→ **Exercise description**
What is needed is an exact repeat of the entries, with no pictures in it.

→ **The records**
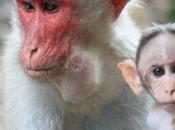 DAILY PHOTO: Macaque Portrait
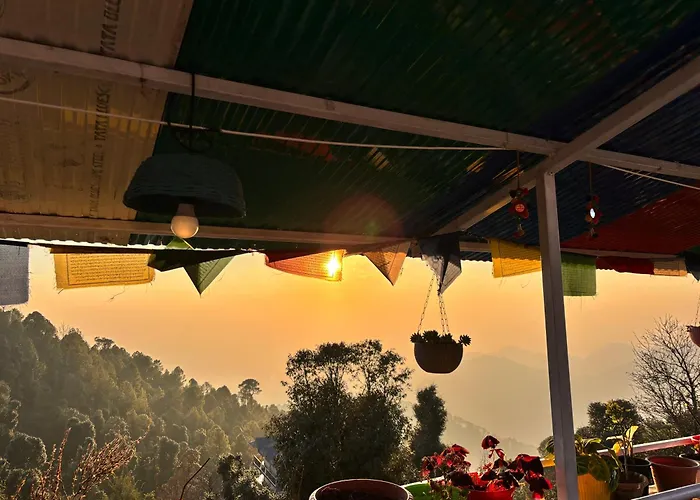 Holistic House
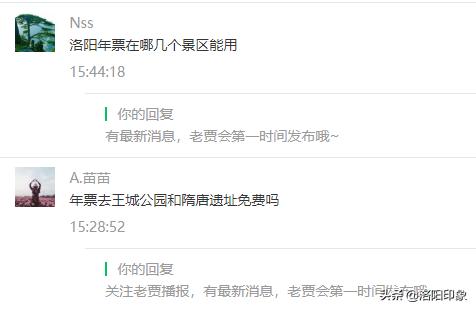 洛阳游玩资讯最新,洛阳旅游年票外地人可以办吗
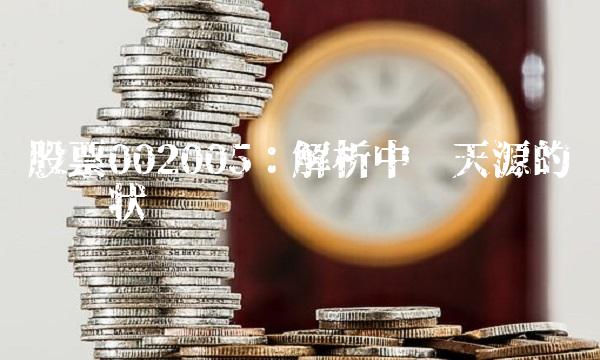 股票002005：解析中钢天源的经营现状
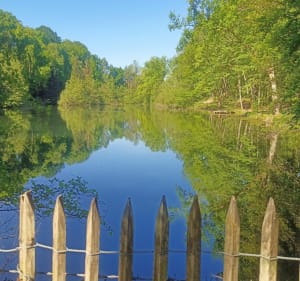 Les 3 étangs et la mare de Vallin - Saint-Victor-de-Cessieu - 4
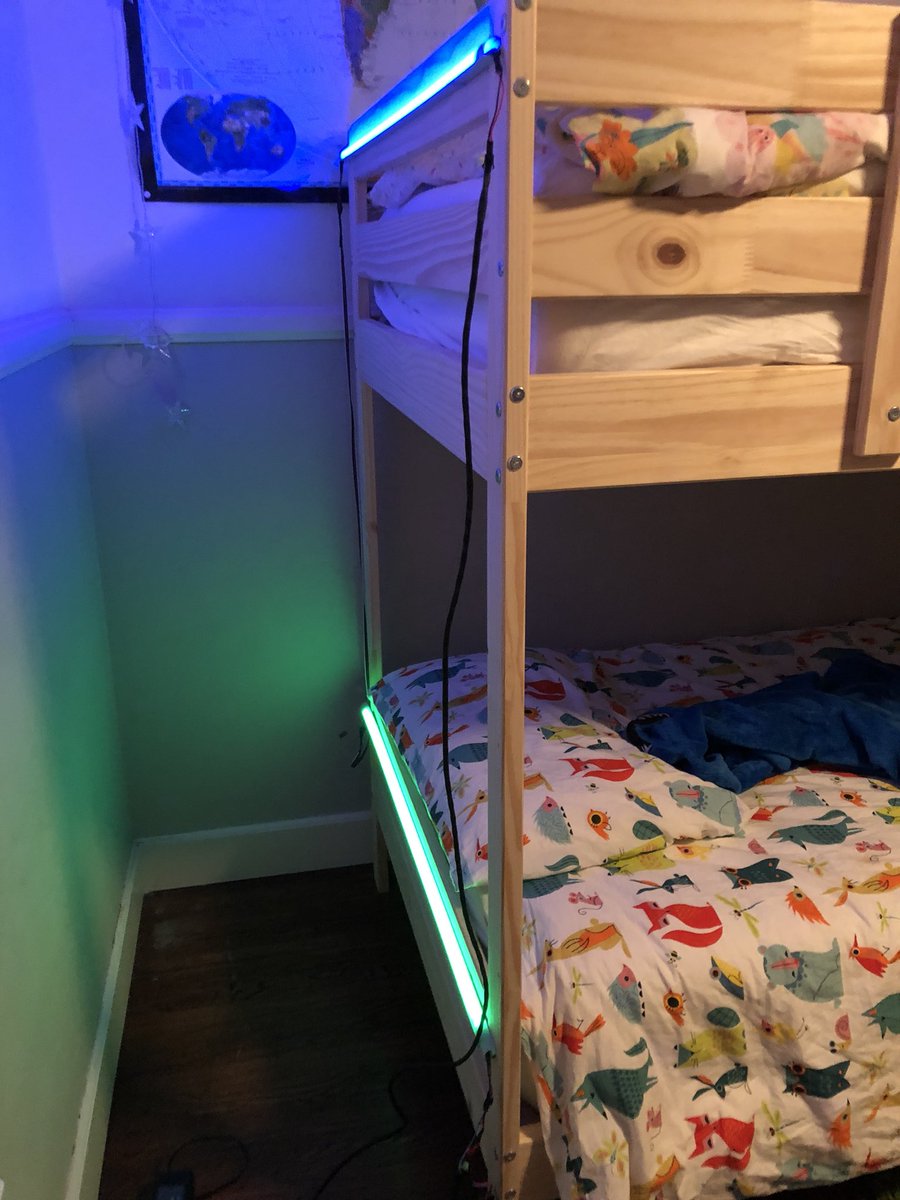 The Great Christmas Tree Experiment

→ **Exercise response**
 DAILY PHOTO: Macaque Portrait
 Holistic House
 洛阳游玩资讯最新,洛阳旅游年票外地人可以办吗
 股票002005：解析中钢天源的经营现状
 Les 3 étangs et la mare de Vallin - Saint-Victor-de-Cessieu - 4
 The Great Christmas Tree Experiment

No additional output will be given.